Optimize plugin code for balanced load or least load?

DSP, Plugin and Host development discussion.
RELATED
PRODUCTS

Post

Fender19 wrote: Tue Nov 19, 2019 8:10 pm I access the elements of that array using:

Code: Select all

	  
	  leftdelayed = DelayArray[0][delayPtr];	    //rotating buffer - retrieve saved value
	  rightdelayed = DelayArray[1][delayPtr];
	  DelayArray[0][delayPtr] = leftin;		   //rotating buffer - store new value
	  DelayArray[1][delayPtr] = rightin;
	  
	  delayPtr += 1;
	  delayPtr %= DelayLength;
Is this a good way to do this - or is it SLOW?
I would swap channel and sample indices: DelayArray[delayPtr][0/1]. With it you'll get a cache friendly layout.

Post

Or use <double> SIMDs and do the stereo in one go. :)

Post

quikquak wrote: Tue Nov 19, 2019 9:29 pm Or use <double> SIMDs and do the stereo in one go. :)
It depends on how leftin and rightin computed. If it can be vectorized, I'm pretty sure compiler can do it itself. And yes, I didn't think about it, the layout become not only cache friendly but also vector friendly.

Post

Thanks everyone for all your input. Much appreciated and hopefully helpful to others here as well.

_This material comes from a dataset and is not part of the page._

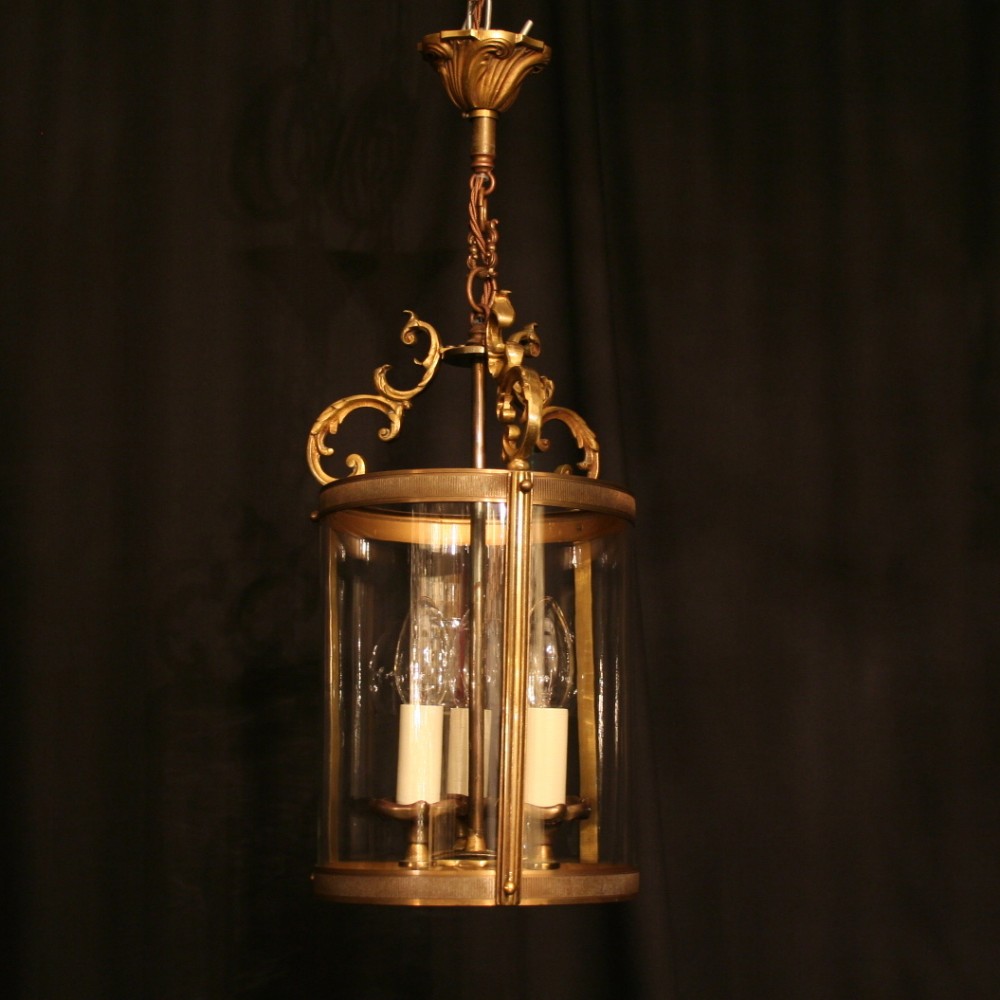 A French Gilded Triple Light Antique Hall Lantern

I just discovered a significant oversight in my code. I will confess my mistake here just as a reminder for everyone else. I had some code that prepares data for the GUI display running inside the for(i<nFrames) loop, i.e., computing on every sample. It wasn't needed there because I only update the display once per ProcessReplacing block. I moved that code outside the "for" loop where it now runs once every 512 samples or so and only when needed to update the display. Significant improvement as you might expect!

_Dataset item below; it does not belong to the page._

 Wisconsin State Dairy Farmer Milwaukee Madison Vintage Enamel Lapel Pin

Sometimes a fresh set of eyes and rearranging things can make giant leaps. :)

Post

quikquak wrote: Tue Nov 19, 2019 8:44 pm Just my 2ps worth... I've always avoided % as it internally uses a divide (yeah, it may not be relevant these days). I use something simple like this which also catches additions of larger than 1:-

Code: Select all

delayPtr += 1;
if (delayPtr >= DelayLength)
     delayPtr -= DelayLength;
General integer division is really slow and it's actually slow on such fundamental level that it's quite impractical to even build silicon that could perform it fast. For compile-time constant divisor, modern compilers can typically use modular inverse to convert it into a multiplication plus a couple of shifts (depending on the constant). Even in this case though, you're adding latency to the critical path.

In comparison, the compare+branch is effectively NOP as long as it's predicted correctly. While you typically take a branch misprediction each time the index wraps, it's still typically the fastest approach.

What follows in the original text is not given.